Glenn Sparks, Ph.D., a professor of communications at Purdue University in Indiana, and his research team studied the friendships of a group of college graduates from 1983 to 2002. On average, the graduates moved six times after college, and the typical distance between friends was 895 miles. He found that college friendships often succumbed to geography, marriage, growing families and career demands.
Even changed economic circumstances can doom a relationship. Take the case of two close friends who graduated from the same high school. One friend became a successful, well-heeled professional, and the other is in an unsatisfying, minimum-wage job. It’s not surprising that such an unequal relationship might take a nosedive.
“Healthy friendships are generally relationships between equals,” Isaacs says. “If the balance shifts dramatically and permanently, envy can rear its ugly head in the person who is less affluent or powerful.”
Dealing with a breakup
When relationships fall apart, they can be difficult to salvage because of the residual hurt and anger. But you may look back and recognize that the friendship isn’t worth saving or realize that the break wasn’t as sudden as it appeared. You and your friend might have been slowly drifting apart, sharing less and spending less time together.
So what’s the best way to deal with this breakup?
“Accept that the end of a friendship is an important loss, even though the person isn’t your sister, spouse or parent,” Isaacs says. “Allow yourself to mourn, and then move on.”
What about former friends whom you’re likely to run into again, such as a fellow student, co-worker or neighbor?
“I’d nod hello — but walk on or walk away, or simply ignore the person,” she adds. “This is hard to do, but there’s no point in further interchange. It’s over.”
Accepting that all friendships, even good ones, might not last a lifetime should make healing easier. However, if you’re losing one friend after another, you need to take a look in the mirror: Step back and determine whether you’re choosing the wrong women as friends or repeating a mistake that’s causing these relationships to break.
Saving a friendship
Fortunately, some failed friendships can be saved. “Often rifts develop because of ‘little things’ that were never addressed at the time they occurred,” Isaacs says. When that happens, she recommends that the two friends have a heart-to-heart talk. “Forget about the awkwardness and say something like: ‘I’ve really missed you. Can we talk?’ You and your friend may resolve a minor communication problem that can be addressed and forgotten.”

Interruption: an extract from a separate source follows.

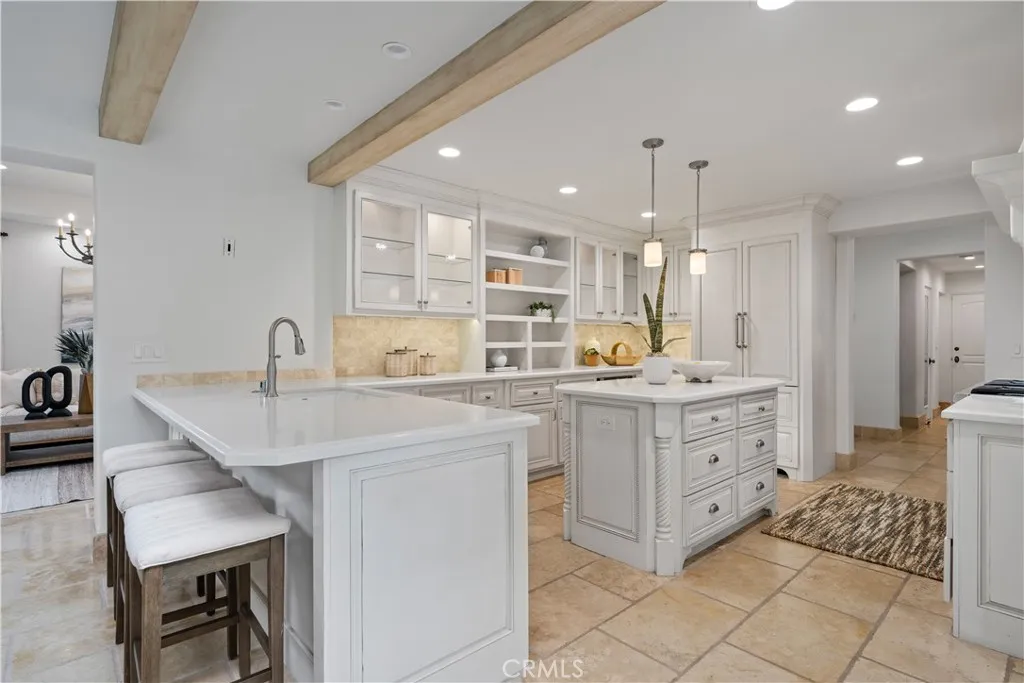 110 Via Trieste, Newport Beach, California 92663 home-pic-10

Here’s how you can save your friendship:
• Make time to communicate with friends. A phone call, letter, email or instant message (IM) can keep you connected. Get together regularly if you can.
• Give it time. Sometimes, all a failed relationship needs is time for two friends to gain perspective on a blowup or disagreement they had. With the passage of time, one or both may decide that the issue itself was relatively unimportant in the scheme of things compared to the significance of the friendship.
• Own up to your shortcomings, and be ready to apologize. Friendship is not a matter of pride and keeping appearances. Don’t throw away a friendship over silly disagreements that will have no significance in the future.